Musharraf ‘eighth worst dictator’ in the world
Pakistan’s beleaguered President Pervez Musharraf has been named the eighth worst dictator in the world by a widely circulated magazine in New York.Updated: Feb 18, 2008 23:11 IST
Pakistan’s beleaguered President Pervez Musharraf has been named the eighth worst dictator in the world by the widely circulated Parade magazine in New York.
Kim Jong-Il of North Korea tops the magazine’s annual World’s Worst Dictators list for “running the most isolated, repressive regime in the world”.
At number two is Omar Al-Bashir of Sudan. “Under Bashir’s rule, the Darfur region of Sudan continues to be the site of a violent power struggle among government forces and allied militia, rebels and bandits,” the magazine says in its latest edition.
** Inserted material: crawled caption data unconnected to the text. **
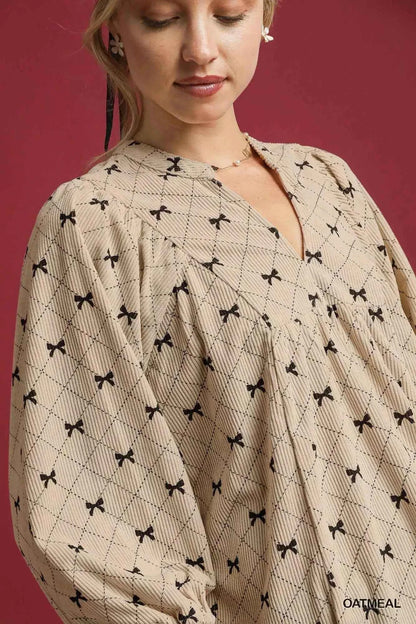 Umgee Corduroy Bow Print Balloon Sleeve Blouse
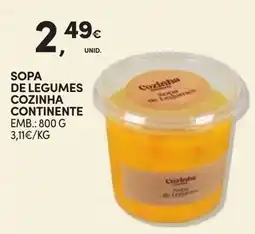 Continente Sopa de legumes cozinha continente promoção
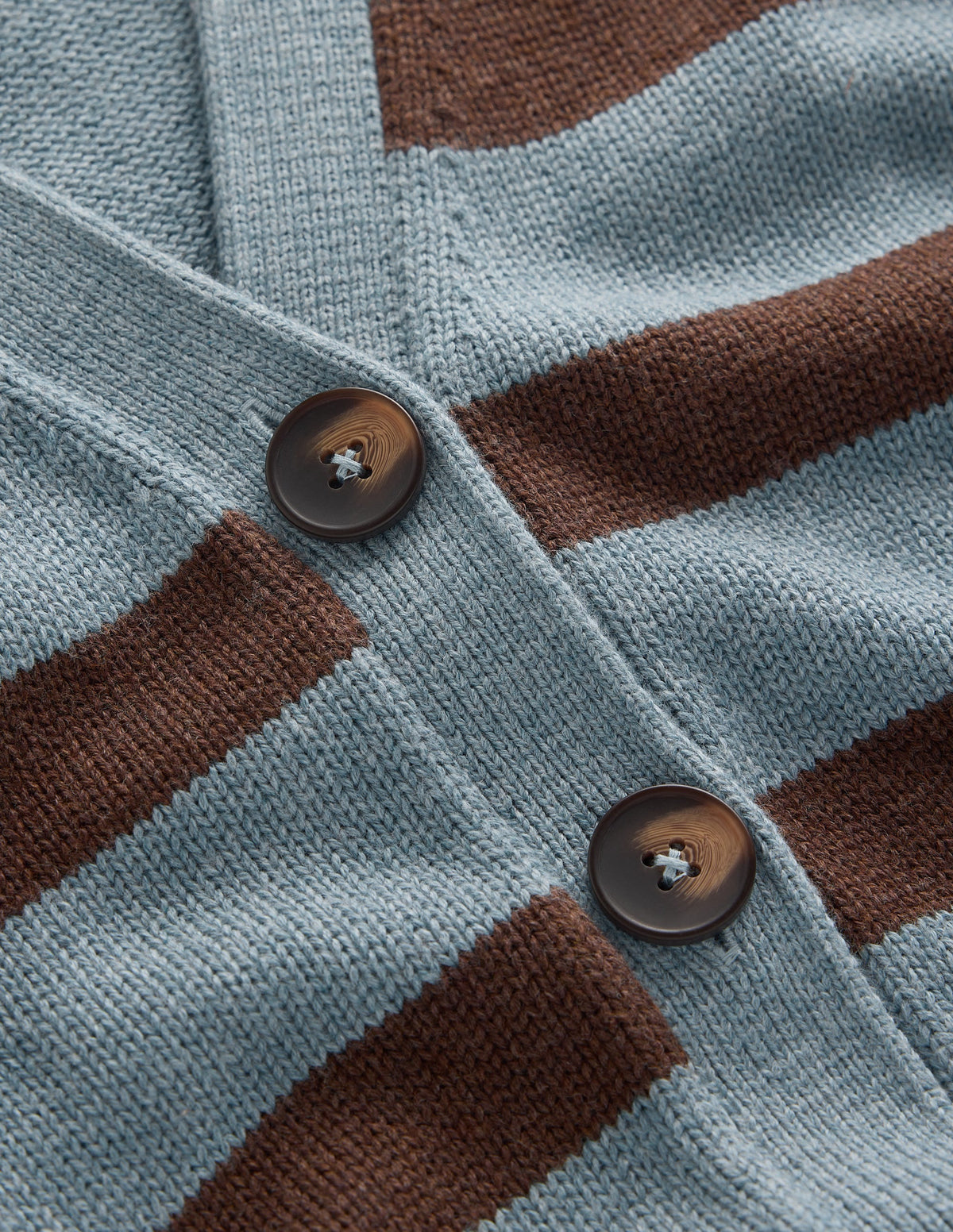 Lucy Lockere Strickjacke aus Baumwolle-Pavillon Blau, Braune Streifen-6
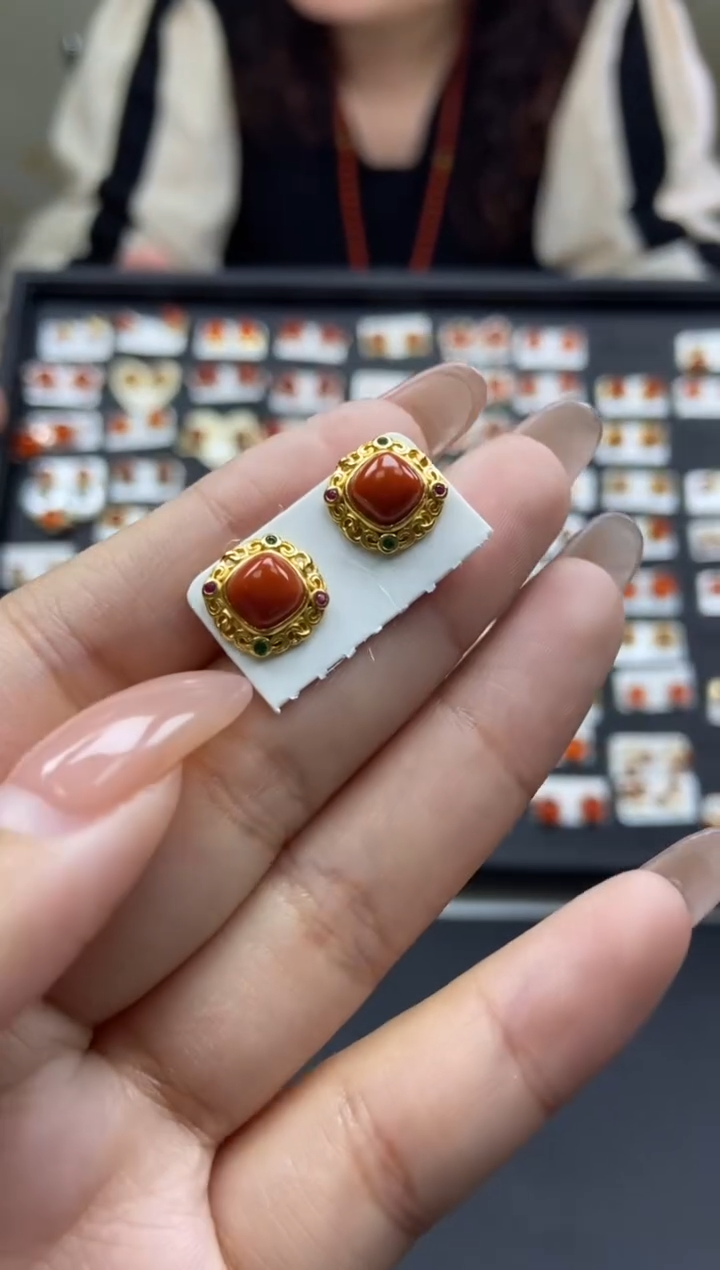 【闪购商品】南红玛瑙耳饰未镶嵌天然南红21多样性发一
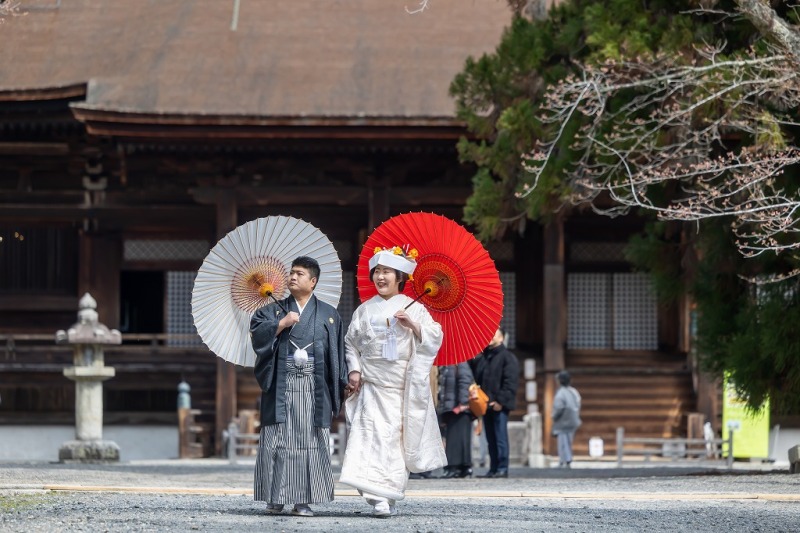 和傘を使って歩きながら撮影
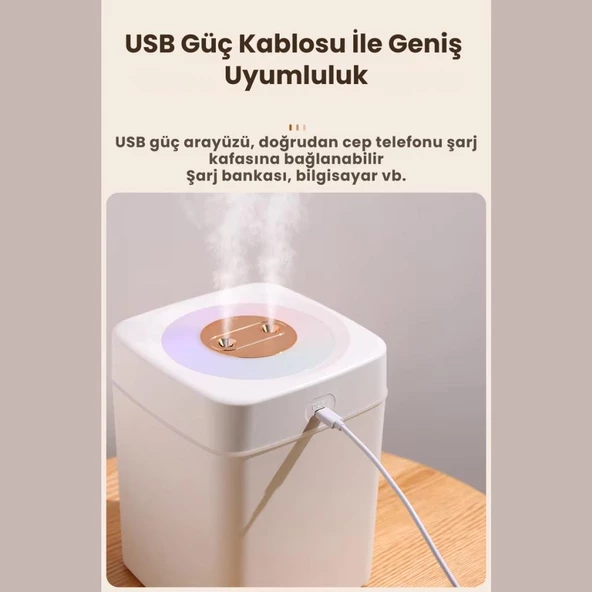 Polham 3 Litre Nano Ultrasonik Çift Püskürtmeli Hava Nemlendirici, Buhar Makinası, Koku Eklenebilir - 7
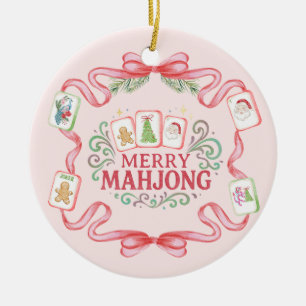 Fröhliches Mahjong   Weihnachten Keramik Ornament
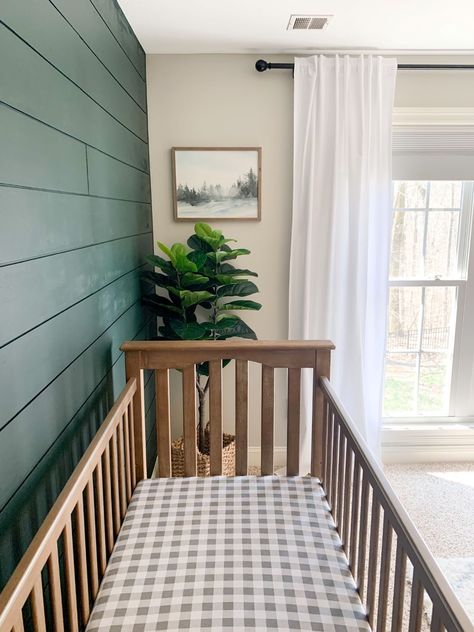 Grey Tan Green Nursery, Green Shiplap Wall Nursery, Boy Nursery Green Accent Wall, Green And Neutral Nursery, Dark Green Shiplap Wall, Hunter Green Nursery Boys, Dark Green Shiplap, Gray And Green Nursery, Grey And Green Nursery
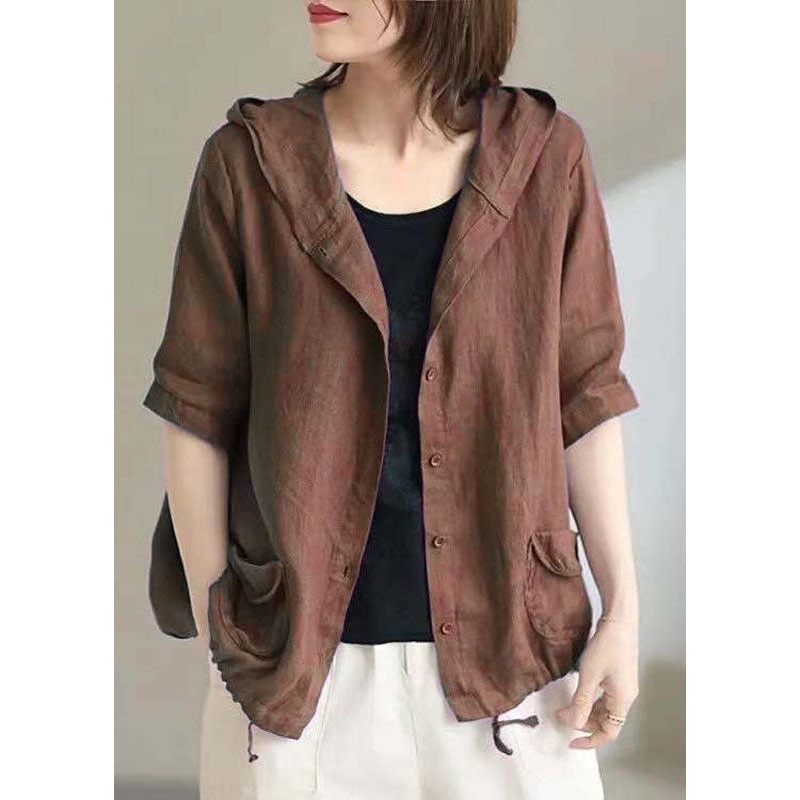 Vintage Coffee Hooded Pockets Cinched Button Patchwork Linen Coats Summer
Myanmar’s Than Shwe is considered the third worst dictator because “he ordered troops to fire at the pro-democracy demonstrations” led by Buddhist monks in August and September last.
Musharraf's rank has risen from last year’s 15th placement. Parade explained: “In recent months, Musharraf suspended Pakistan’s constitution, shut down the courts, arrested several thousand dissidents and passed a law removing challenges to his continuation as president.
“He allowed former prime ministers Nawaz Sharif and Benazir Bhutto to return to Pakistan but barred Sharif from running in elections. Bhutto was assassinated - an act that some observers tie to Musharraf’s government.”
Others in the list include King Abdullah (No 4) of Saudi Arabia, the country with the “most oppressed women in the world”, Hu Jintao (No 5) of China who “controls all media and represses religion”, and Sayyid Ali Khamenei (No 7) of Iran, where “officials carry out public hangings”.
The Parade magazine claims a readership of 71 million as it is distributed by more than 400 major Sunday newspapers, including the Los Angeles Times, Washington Post, New York Post, Boston Globe, Chicago Tribune, The Dallas Morning News and Houston Chronicle.
The magazine was in the news for running an interview in an early January issue with former Pakistan premier Bhutto conducted before she was assassinated in late December.
The magazine chose not to insert a note about her tragic end.